Après sa prise de fonction à la tête du gouvernement, Youssef Chahed s’était précipité vers le ministère de l’Intérieur pour demander aux Directeurs Généraux d’agir avec célérité contre la corruption en général et les gros corrompus en particulier. Mais rien n’a été fait, non seulement à cause de la corruption qui atteint les responsables policiers eux-même, mais surtout à cause du fait qu’à chaque fois qu’un fonctionnaire a tenté d’attirer l’attention sur ce problème, il a été écarté.
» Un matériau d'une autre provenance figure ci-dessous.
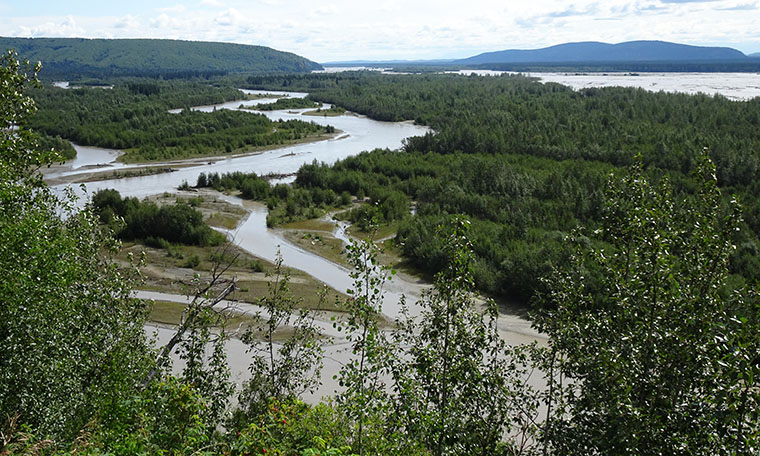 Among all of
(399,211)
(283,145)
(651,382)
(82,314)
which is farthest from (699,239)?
(283,145)

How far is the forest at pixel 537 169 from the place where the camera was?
26516 mm

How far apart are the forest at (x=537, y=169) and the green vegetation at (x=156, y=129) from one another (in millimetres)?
20783

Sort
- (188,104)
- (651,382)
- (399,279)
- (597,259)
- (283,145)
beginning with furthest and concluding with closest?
(188,104), (283,145), (399,279), (597,259), (651,382)

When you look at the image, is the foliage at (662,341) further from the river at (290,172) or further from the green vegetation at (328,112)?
the green vegetation at (328,112)

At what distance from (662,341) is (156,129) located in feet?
250

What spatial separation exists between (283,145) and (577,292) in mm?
63822

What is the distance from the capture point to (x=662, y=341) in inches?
228

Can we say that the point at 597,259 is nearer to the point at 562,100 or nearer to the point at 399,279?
the point at 399,279

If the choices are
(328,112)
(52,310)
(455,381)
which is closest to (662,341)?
(455,381)

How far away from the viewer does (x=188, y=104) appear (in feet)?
362

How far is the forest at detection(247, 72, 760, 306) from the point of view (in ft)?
87.0

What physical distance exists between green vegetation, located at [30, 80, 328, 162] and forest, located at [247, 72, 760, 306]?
20783 mm

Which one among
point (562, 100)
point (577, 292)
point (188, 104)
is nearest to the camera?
point (577, 292)

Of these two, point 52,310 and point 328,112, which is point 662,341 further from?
point 328,112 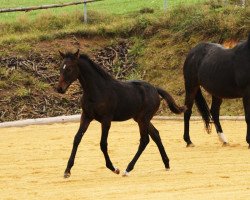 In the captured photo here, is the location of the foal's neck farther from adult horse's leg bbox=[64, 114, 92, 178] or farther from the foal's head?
adult horse's leg bbox=[64, 114, 92, 178]

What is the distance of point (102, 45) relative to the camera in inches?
1065

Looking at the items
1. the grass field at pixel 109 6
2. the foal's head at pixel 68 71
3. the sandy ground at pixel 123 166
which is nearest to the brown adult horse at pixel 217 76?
the sandy ground at pixel 123 166

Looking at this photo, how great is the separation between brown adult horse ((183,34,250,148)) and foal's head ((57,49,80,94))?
13.6 ft

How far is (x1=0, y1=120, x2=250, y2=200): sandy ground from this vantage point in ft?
38.7

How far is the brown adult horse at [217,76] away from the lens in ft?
54.0

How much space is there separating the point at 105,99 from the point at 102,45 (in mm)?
13758

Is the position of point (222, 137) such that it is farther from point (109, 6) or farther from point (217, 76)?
point (109, 6)

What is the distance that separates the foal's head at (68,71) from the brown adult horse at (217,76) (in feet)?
13.6

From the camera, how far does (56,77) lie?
81.5ft

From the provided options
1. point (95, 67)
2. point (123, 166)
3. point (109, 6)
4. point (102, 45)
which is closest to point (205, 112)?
point (123, 166)

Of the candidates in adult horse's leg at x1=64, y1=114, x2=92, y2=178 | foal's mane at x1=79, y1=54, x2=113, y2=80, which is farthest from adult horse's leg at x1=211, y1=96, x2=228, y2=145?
adult horse's leg at x1=64, y1=114, x2=92, y2=178

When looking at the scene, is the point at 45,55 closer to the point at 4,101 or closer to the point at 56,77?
the point at 56,77

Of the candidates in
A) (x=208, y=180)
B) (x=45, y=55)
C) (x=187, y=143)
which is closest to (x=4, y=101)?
(x=45, y=55)

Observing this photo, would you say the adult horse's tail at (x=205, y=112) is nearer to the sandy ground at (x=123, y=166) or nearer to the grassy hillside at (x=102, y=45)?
the sandy ground at (x=123, y=166) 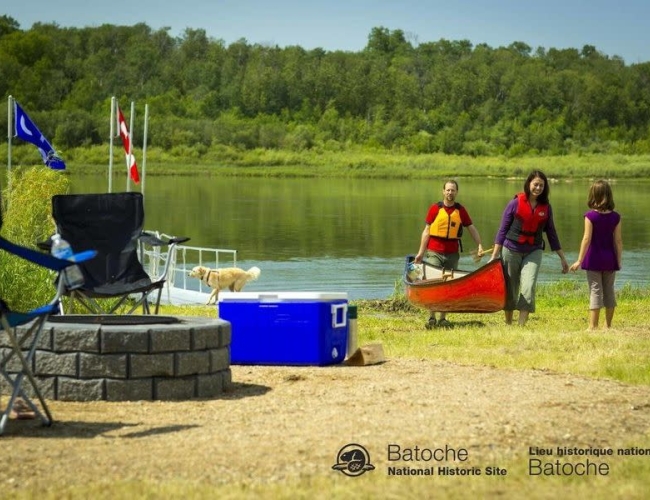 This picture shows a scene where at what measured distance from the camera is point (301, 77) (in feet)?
474

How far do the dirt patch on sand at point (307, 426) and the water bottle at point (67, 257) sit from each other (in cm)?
66

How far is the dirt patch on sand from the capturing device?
555 cm

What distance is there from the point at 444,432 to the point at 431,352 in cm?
355

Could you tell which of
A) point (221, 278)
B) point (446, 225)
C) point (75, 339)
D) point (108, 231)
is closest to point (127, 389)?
point (75, 339)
Cette nouvelle loi régit ce problème, elle accorde une protection très sérieuse, et même rétroactive, aux dénonciateurs de corruption.
La Justice elle même est lourdement touchée par le phénomène
Le problème touche toutes les administrations, à tous les niveaux. Même la Justice est lourdement touchée. Devenus totalement indépendants grâce à la Constitution de 2014, les juges empêchent désormais toute lutte efficace de l’État contre la corruption. Plusieurs gros bonnets en sont devenus arrogants, narguant l’État même sur les médias, en l’appelant à les arrêter, « s’il en a la capacité ».
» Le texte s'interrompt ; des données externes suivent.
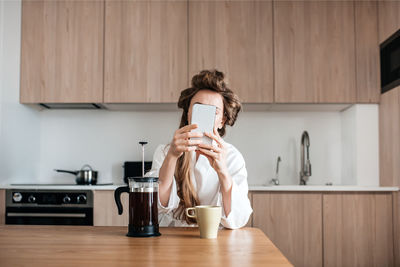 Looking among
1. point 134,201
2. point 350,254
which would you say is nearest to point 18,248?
point 134,201

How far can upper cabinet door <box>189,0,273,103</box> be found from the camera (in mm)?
3156

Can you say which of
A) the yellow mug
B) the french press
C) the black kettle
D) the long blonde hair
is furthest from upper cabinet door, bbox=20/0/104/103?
the yellow mug

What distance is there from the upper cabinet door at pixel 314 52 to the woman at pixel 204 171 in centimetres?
147

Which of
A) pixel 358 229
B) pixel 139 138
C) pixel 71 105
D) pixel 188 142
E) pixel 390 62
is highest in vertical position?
pixel 390 62

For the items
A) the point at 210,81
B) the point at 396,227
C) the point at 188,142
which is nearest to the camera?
the point at 188,142

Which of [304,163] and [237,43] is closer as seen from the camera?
[237,43]

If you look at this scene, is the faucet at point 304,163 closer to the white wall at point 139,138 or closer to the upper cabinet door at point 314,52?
the white wall at point 139,138

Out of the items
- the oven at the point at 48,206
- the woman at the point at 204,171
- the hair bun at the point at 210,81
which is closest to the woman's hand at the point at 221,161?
the woman at the point at 204,171

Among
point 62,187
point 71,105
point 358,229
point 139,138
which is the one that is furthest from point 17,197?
point 358,229

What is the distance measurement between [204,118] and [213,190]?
514mm

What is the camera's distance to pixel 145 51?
126 inches

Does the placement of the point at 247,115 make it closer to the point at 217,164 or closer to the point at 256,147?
the point at 256,147

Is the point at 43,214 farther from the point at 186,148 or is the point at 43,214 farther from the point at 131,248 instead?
Result: the point at 131,248

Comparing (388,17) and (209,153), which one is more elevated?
(388,17) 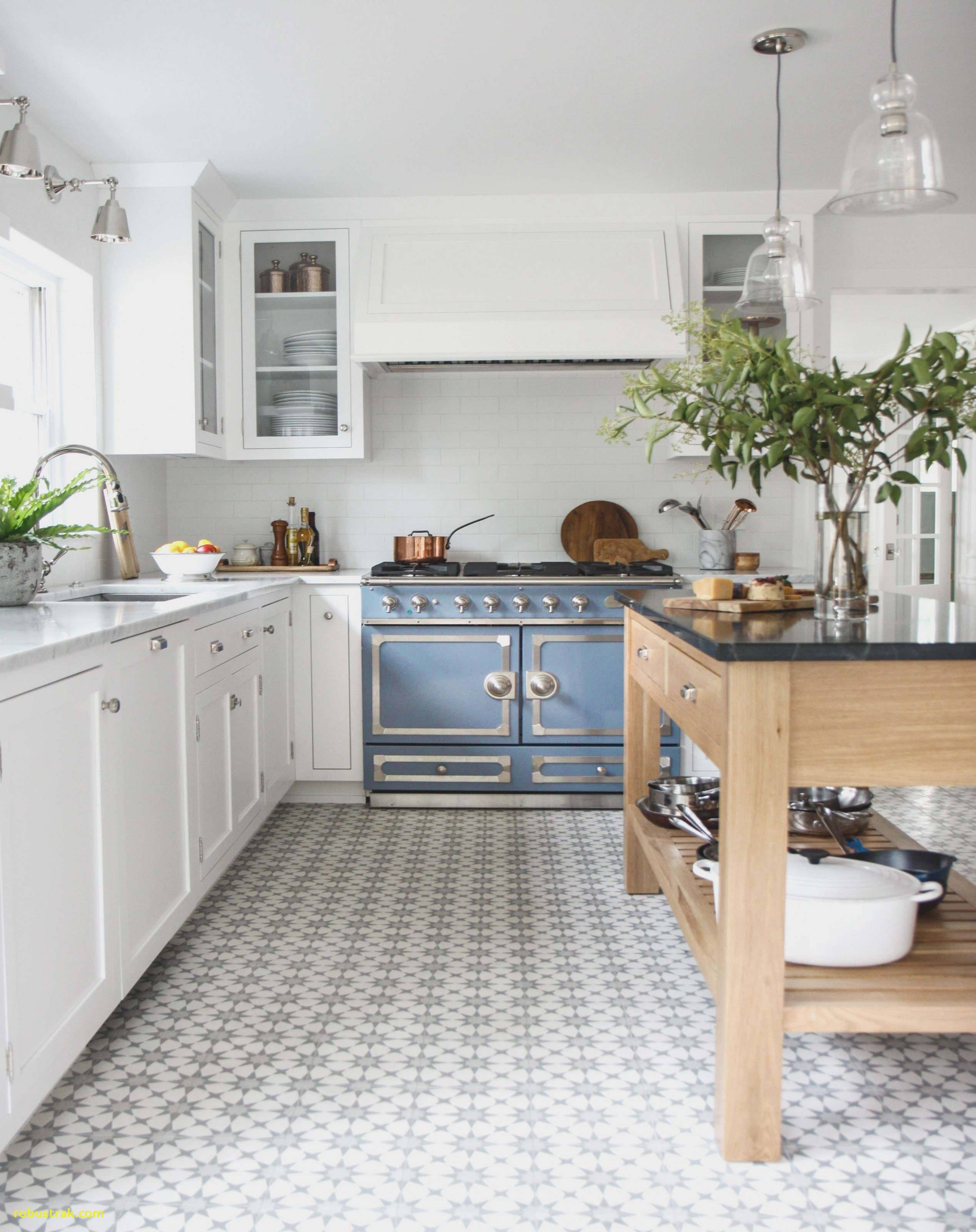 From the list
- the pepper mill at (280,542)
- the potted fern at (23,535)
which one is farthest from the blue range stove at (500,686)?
the potted fern at (23,535)

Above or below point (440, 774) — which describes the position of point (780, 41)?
above

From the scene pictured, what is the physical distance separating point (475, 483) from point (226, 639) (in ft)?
6.14

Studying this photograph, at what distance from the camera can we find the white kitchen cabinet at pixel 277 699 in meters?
3.59

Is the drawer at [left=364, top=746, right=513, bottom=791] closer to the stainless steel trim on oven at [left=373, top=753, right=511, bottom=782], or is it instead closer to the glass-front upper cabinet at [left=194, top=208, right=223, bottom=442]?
the stainless steel trim on oven at [left=373, top=753, right=511, bottom=782]

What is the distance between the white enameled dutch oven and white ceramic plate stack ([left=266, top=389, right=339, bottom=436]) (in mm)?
2992

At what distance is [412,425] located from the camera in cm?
456

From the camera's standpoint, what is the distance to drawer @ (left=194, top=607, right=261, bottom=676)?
2.73 meters

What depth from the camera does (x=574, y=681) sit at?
3.96 meters

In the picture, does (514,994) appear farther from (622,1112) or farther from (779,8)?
(779,8)

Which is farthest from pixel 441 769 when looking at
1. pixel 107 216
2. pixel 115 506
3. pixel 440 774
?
pixel 107 216

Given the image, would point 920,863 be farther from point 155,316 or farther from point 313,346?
point 155,316

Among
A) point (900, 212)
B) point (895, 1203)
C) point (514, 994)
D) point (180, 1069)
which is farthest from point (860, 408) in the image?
point (180, 1069)

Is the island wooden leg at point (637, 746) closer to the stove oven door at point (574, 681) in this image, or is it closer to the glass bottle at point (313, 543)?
the stove oven door at point (574, 681)

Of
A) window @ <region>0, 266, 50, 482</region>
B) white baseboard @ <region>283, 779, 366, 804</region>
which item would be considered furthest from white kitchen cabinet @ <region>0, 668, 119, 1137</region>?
white baseboard @ <region>283, 779, 366, 804</region> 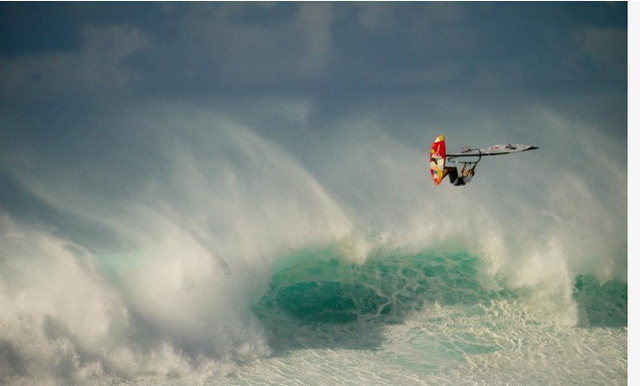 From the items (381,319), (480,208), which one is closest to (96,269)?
(381,319)

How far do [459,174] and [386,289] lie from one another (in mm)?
4447

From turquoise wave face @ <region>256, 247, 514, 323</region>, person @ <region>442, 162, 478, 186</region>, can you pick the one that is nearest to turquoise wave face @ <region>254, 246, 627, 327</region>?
turquoise wave face @ <region>256, 247, 514, 323</region>

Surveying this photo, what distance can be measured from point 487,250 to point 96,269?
32.4 ft

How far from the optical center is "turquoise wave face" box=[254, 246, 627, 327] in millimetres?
10109

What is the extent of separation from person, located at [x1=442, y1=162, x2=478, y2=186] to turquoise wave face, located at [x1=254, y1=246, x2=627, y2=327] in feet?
13.3

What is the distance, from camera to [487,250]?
12188 millimetres

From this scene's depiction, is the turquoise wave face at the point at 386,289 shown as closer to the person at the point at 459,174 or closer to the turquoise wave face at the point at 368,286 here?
the turquoise wave face at the point at 368,286

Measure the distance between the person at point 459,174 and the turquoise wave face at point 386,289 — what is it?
13.3ft

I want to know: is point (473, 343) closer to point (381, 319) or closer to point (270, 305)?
point (381, 319)

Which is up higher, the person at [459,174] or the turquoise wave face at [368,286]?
Answer: the person at [459,174]

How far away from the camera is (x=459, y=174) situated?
24.6 feet

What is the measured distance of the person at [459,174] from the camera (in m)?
7.28

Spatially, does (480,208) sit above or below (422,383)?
above

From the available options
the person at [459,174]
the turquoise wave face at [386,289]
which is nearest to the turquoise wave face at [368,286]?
the turquoise wave face at [386,289]
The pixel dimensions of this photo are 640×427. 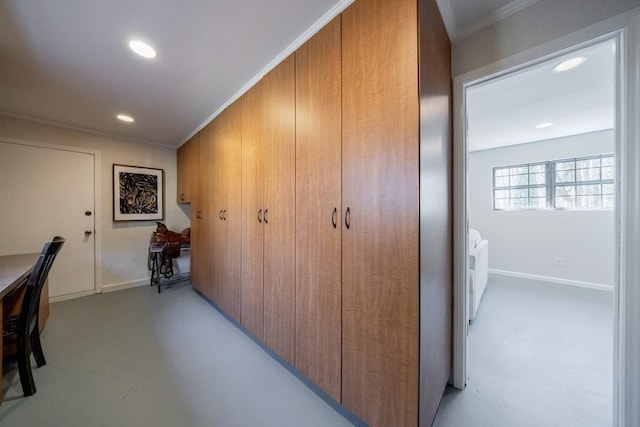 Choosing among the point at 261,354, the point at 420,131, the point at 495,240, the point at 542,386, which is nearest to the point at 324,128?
the point at 420,131

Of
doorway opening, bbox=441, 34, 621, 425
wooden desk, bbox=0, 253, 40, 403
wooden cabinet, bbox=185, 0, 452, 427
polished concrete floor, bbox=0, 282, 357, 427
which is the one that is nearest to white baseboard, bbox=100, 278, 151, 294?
polished concrete floor, bbox=0, 282, 357, 427

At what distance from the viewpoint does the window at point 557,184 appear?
3588 millimetres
Cette situation, catastrophique, a poussé le gouvernement à présenter un projet de loi susceptible de l’aider à combattre le phénomène. Le projet a été examiné durant de longs mois par l’Assemblée, Abderraouf El May, député du Bloc Al Horra précise : « nous l’avons transformée à 80% pour parfaire la protection des dénonciateurs ».
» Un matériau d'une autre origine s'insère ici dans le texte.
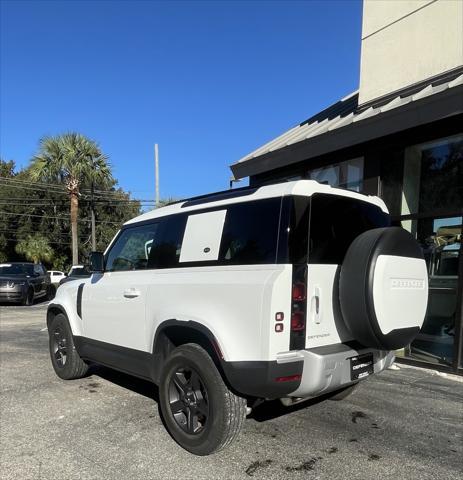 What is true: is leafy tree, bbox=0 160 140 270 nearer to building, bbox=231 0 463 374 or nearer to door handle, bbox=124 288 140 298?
building, bbox=231 0 463 374

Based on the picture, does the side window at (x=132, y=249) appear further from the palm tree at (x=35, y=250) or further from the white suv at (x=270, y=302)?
the palm tree at (x=35, y=250)

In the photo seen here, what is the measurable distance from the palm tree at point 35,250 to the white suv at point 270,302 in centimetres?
3395

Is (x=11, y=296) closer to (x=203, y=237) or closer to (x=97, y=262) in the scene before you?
(x=97, y=262)

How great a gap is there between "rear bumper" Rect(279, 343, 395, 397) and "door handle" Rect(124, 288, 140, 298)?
5.74 feet

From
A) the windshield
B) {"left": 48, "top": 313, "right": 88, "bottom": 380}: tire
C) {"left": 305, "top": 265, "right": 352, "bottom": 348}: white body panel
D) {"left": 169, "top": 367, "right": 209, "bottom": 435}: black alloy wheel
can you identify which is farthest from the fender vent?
the windshield

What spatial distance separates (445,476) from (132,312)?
287 cm

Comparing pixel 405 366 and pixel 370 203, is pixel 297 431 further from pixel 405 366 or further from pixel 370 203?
pixel 405 366

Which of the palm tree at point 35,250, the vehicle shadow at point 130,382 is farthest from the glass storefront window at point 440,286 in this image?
the palm tree at point 35,250

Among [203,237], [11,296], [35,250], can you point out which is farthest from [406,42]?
[35,250]

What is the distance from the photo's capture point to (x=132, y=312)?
4.46 metres

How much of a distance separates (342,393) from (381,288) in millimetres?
1864

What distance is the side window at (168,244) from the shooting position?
4.18 m

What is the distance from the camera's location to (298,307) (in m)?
3.29

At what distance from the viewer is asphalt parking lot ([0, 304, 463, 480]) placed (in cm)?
341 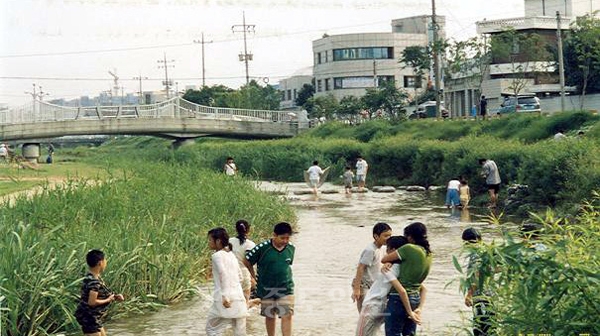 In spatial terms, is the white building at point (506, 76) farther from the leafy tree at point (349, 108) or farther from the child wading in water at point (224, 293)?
the child wading in water at point (224, 293)

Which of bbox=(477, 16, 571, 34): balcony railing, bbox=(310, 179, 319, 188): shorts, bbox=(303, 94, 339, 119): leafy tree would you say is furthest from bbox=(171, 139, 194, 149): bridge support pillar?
bbox=(310, 179, 319, 188): shorts

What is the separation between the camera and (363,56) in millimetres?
100000

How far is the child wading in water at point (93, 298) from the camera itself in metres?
9.20

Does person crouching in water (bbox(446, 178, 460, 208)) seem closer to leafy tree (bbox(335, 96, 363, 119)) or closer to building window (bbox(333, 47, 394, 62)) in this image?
leafy tree (bbox(335, 96, 363, 119))

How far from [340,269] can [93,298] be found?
866cm

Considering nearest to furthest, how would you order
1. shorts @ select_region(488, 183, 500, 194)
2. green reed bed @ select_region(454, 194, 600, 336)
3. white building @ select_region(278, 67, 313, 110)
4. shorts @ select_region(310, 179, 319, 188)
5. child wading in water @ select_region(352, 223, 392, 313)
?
1. green reed bed @ select_region(454, 194, 600, 336)
2. child wading in water @ select_region(352, 223, 392, 313)
3. shorts @ select_region(488, 183, 500, 194)
4. shorts @ select_region(310, 179, 319, 188)
5. white building @ select_region(278, 67, 313, 110)

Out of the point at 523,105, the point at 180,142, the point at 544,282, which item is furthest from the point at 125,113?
the point at 544,282

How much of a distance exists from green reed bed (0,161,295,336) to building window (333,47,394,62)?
8014 cm

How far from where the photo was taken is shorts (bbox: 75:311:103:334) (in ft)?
30.3

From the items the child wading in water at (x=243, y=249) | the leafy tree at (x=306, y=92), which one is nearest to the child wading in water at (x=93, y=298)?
the child wading in water at (x=243, y=249)

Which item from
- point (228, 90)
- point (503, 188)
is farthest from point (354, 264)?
point (228, 90)

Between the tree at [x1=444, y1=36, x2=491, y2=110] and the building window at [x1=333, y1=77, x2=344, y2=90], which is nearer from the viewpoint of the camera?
the tree at [x1=444, y1=36, x2=491, y2=110]

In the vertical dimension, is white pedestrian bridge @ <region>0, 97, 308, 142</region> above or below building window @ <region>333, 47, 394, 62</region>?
below

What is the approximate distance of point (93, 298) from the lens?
9.20 metres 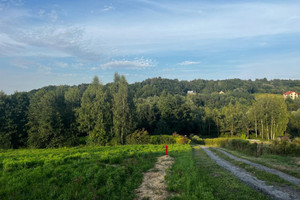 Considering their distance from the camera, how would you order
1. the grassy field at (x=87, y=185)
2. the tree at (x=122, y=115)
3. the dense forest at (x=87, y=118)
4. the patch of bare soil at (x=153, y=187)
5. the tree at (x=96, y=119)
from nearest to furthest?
the grassy field at (x=87, y=185), the patch of bare soil at (x=153, y=187), the tree at (x=96, y=119), the dense forest at (x=87, y=118), the tree at (x=122, y=115)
Cette loi de 36 articles, examinée depuis mardi 21 février, a été votée par 145 députés présents à l’ARP sur un total de 217.
Le texte met en place les mécanismes de dénonciation de la corruption et de protection des dénonciateurs. La loi punit tout acte de représailles à leur encontre, notamment dans la fonction publique, et assure à ces derniers une efficace protection contre les mesures disciplinaires de leurs supérieurs. Le ministre de la fonction publique, Abid Briki, a salué une « législation forte qui facilite la lutte contre la corruption ».
Pour une fois, exécutif et législatif se lancent des fleurs. « Personne, au sein de l’Assemblée n’a pu se positionner en porte à faux, ajoute Abderraouf El May, d’où l’efficacité de cette nouvelle loi, je tiens à remercier le ministre Abid Briki pour sa collaboration ».
Un combat encore « plus difficile » que celui contre le terrorisme
Depuis sa prise de fonctions à la mi-2016, Youssef Chahed a dit vouloir ériger la lutte anticorruption au rang des priorités. Une stratégie nationale a été annoncée en décembre 2016. M. Chahed avait jugé que ce combat s’annonçait encore « plus difficile » que celui contre le terrorisme. La corruption a en effet été banalisée dans tous les domaines du quotidien. Chawki Tabib, président de l’Instance Nationale Contre la Corruption a estimé qu’elle avait atteint un stade dangereux pour l’État lui-même.
Cette nouvelle loi marque une grande étape au niveau de cette lutte.